Residual Functional Capacity Assessment for Diabetes
What Is RFC?
If your diabetes is not severe enough to meet or equal a listing at Step 3 of the Sequential Evaluation Process, the Social Security Administration will need to determine your residual functional capacity (RFC) to decide whether you are disabled at Step 4 and Step 5 of the Sequential Evaluation Process. RFC is a claimant’s ability to perform work-related activities. In other words, it is what you can still do despite your limitations. An RFC for physical impairments is expressed in terms of whether the Social Security Administration believes you can do heavy, medium, light, or sedentary work in spite of your impairments. The lower your RFC, the less the Social Security Administration believes you can do.

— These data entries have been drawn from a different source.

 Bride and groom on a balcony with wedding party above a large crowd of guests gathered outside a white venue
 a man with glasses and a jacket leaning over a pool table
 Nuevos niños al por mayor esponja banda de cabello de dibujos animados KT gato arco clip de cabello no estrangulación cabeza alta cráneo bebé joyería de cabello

Some people can have diabetes for many years with no significant symptoms or functional limitations. While serious organ damage—such as to the kidneys or eyes—may appear as soon as 10 years after diagnosis, some Type 1 diabetics are highly functional after more than 30 years of insulin dependency.

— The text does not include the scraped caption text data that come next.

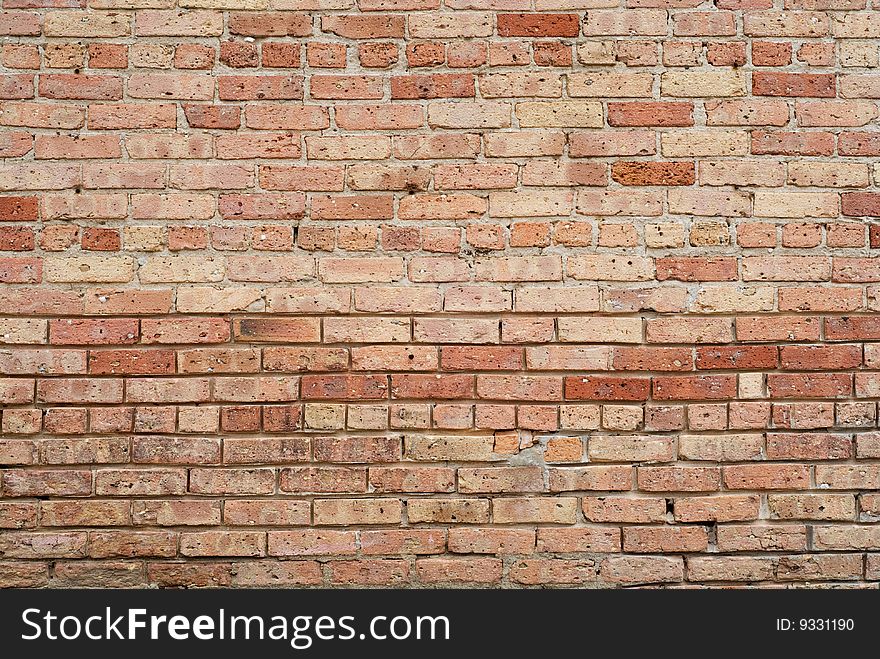 Old crumbling red brick wall background texture. Old crumbling red brick wall background texture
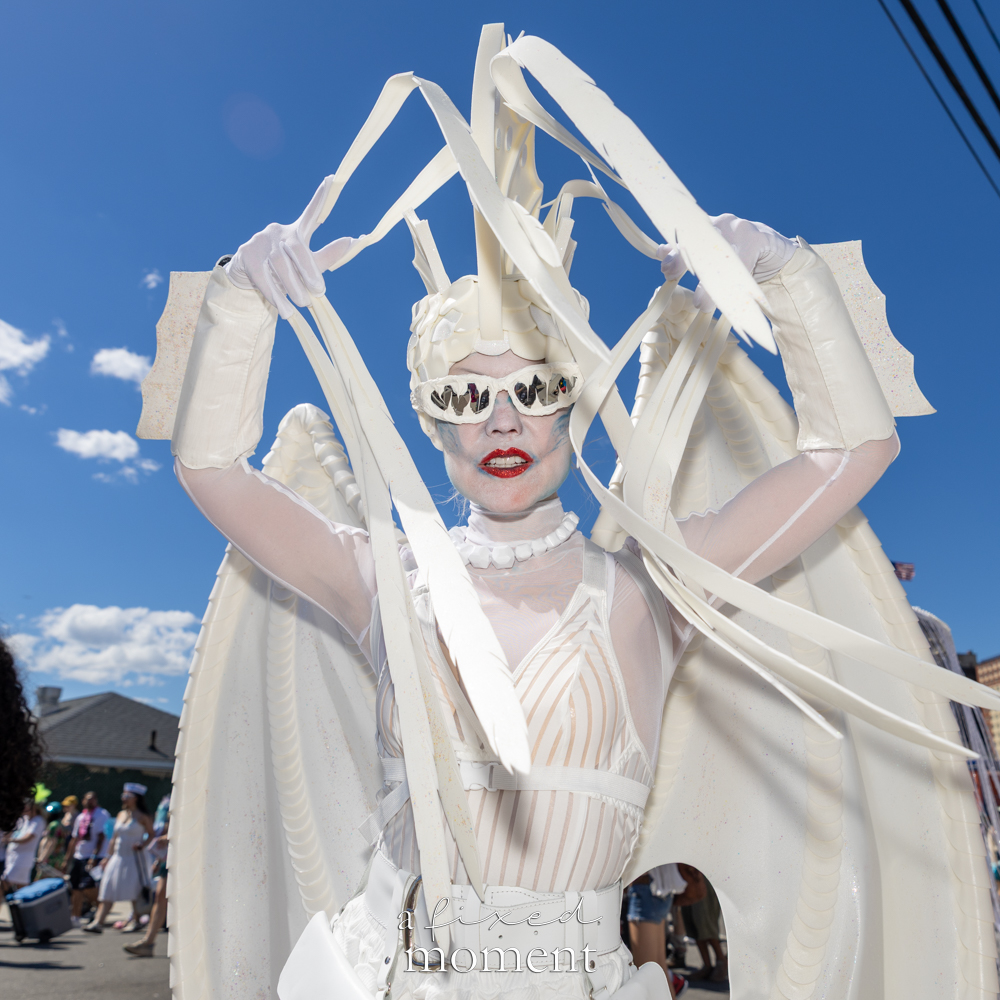 @summersparkles__ in a white sculptural sea-creature costume at the Mermaid Parade in Coney Island.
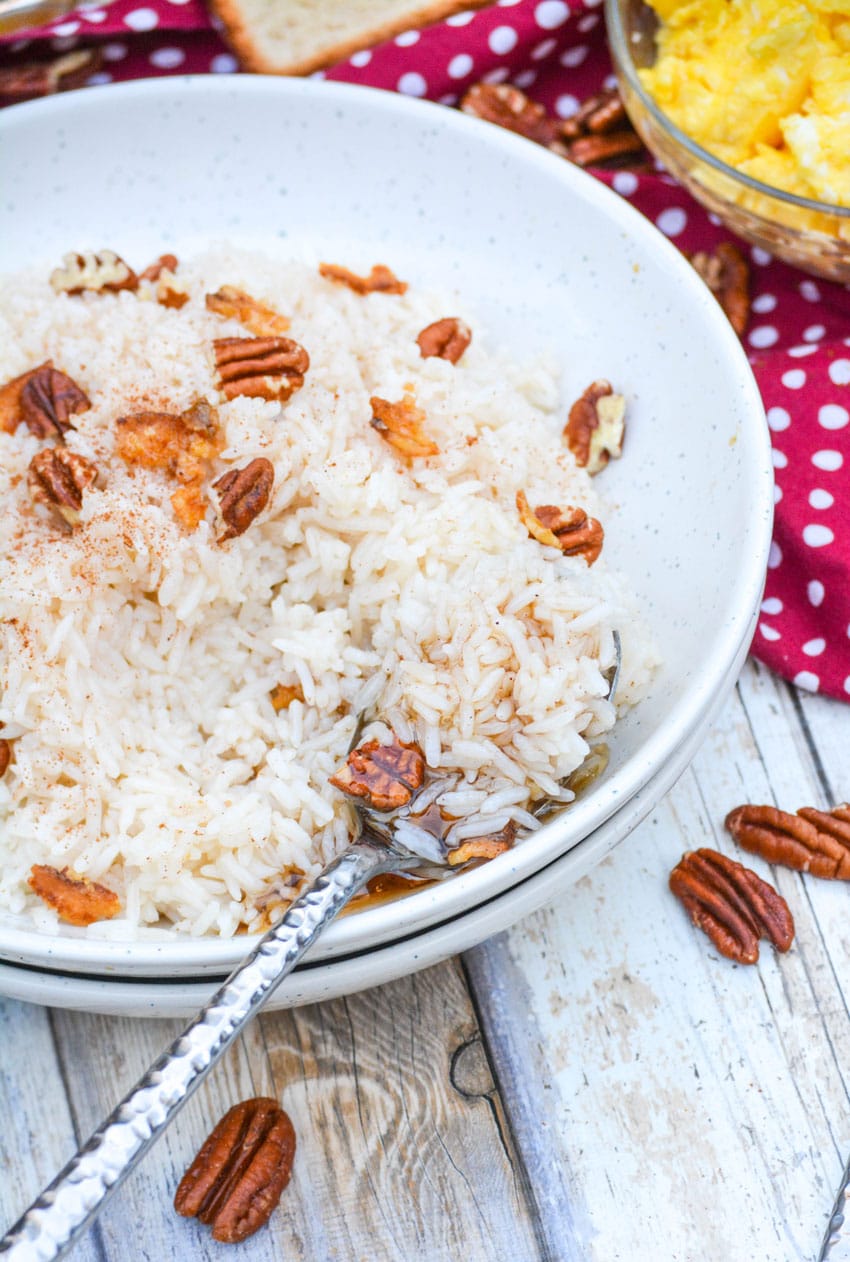 a silver spoon digging into a white bowl filled with breakfast rice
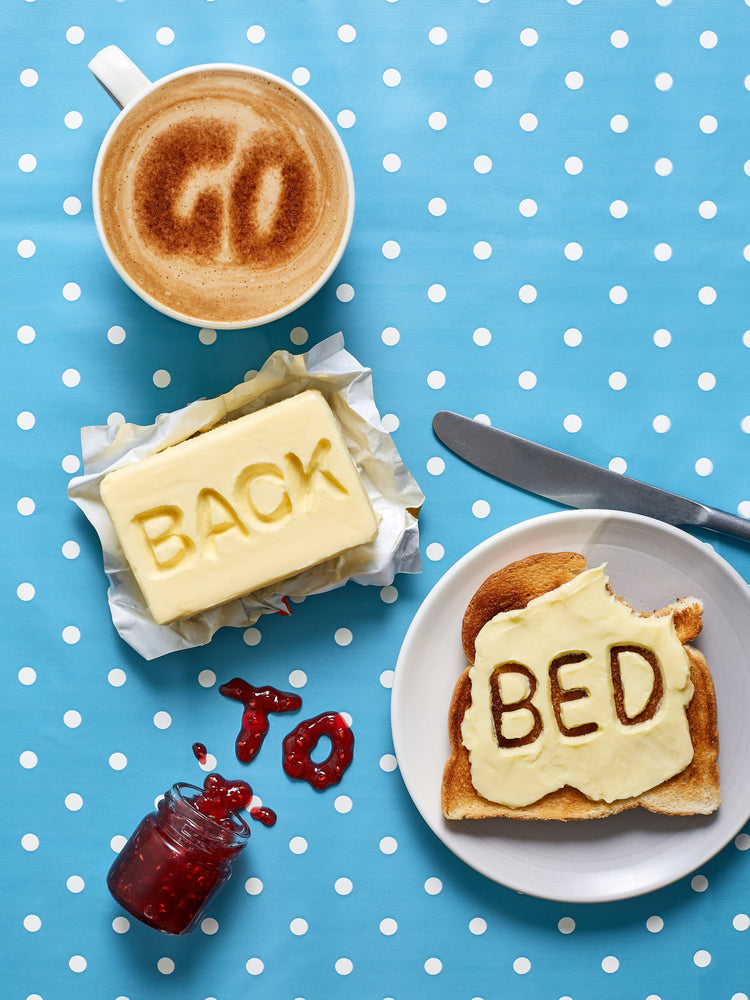 A mug of coffee spells 'GO' in froth, 'BACK' is intricately etched in butter, 'TO' is crafted from fruity jam, and 'bed' is toasted onto cheese toast. All arranged on a delightful blue tablecloth adorned with white polka dots.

If you have brittle diabetes you will likely be limited to light work and work that does not expose you to environmental extremes of heat and cold. If your blood glucose is already unstable, and you have numerous fluctuating symptoms, medium and heavy work would probably be unsustainable.
Diabetic Neuropathic Foot Ulcers and RFC
Neuropathic foot ulcers that develop in about 15% of patients with diabetes are a frequent cause of hospitalization and account for 85% of the reasons for amputation. They are also expensive to treat—a single foot ulcer costs about $28,000.00 over a period of two years.
If you have a foot ulcer as a result of your diabetes that has not required amputation, the Social Security Administration will need to assess your RFC. Foot ulcers are extremely debilitating in their effect on the ability to stand and walk for prolonged periods. Pain is not necessarily an issue—pain may be minimal as a result of neuropathy (nerve damage). But standing will put pressure on an ulcer and make it worse. If you have an unhealed ulcer on the bottom of your foot, you should be precluded from even sedentary work, and be eligible for disability benefits provided that the ulcer has lasted or is expected to last at least 12 months.
If you have a history of recurrent diabetic foot ulcers anywhere else on the foot, there is a good chance that the Social Security Administration will find that your RFC is limited to sedentary work, even if you have no current ulceration. It is well-established that healing cannot take place without protecting an ulcer from mechanical pressure. Various methods have been used to relieve pressure from ulcers, such as casts, boots, special shoes, and foam padding. It is doubtful that any of these measures could be effective in the healing of a current ulcer with prolonged standing and walking 6 to 8 hours daily, or in the prevention of recurrent ulceration in a susceptible foot with a history of easy recurrence with prolonged standing and walking.